◆ **Instructions to follow**
Repeat verbatim, and only, the lines of the data below, beginning at the line that contains "Major Stryker System Requirements" and stopping after the line that contains "atelier_crapoucets's profile picture".

◆ **Supplied information**
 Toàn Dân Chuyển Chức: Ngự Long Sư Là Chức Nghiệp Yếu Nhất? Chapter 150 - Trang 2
==
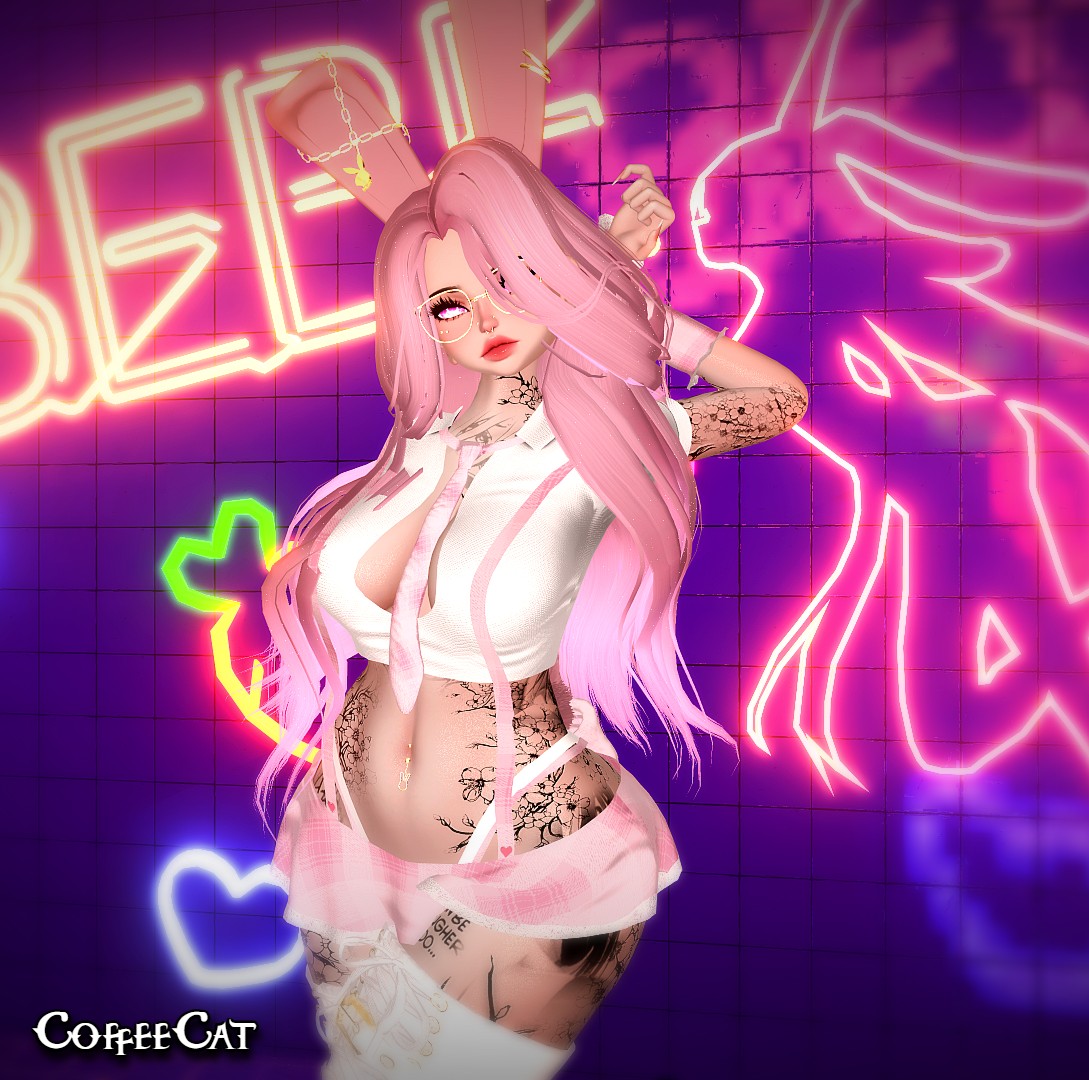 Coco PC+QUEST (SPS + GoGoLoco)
--
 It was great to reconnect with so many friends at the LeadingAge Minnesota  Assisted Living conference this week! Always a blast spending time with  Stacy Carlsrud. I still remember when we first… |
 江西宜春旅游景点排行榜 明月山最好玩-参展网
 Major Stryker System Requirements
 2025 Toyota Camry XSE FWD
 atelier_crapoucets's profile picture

◆ **Response**
 Major Stryker System Requirements
 2025 Toyota Camry XSE FWD
 atelier_crapoucets's profile picture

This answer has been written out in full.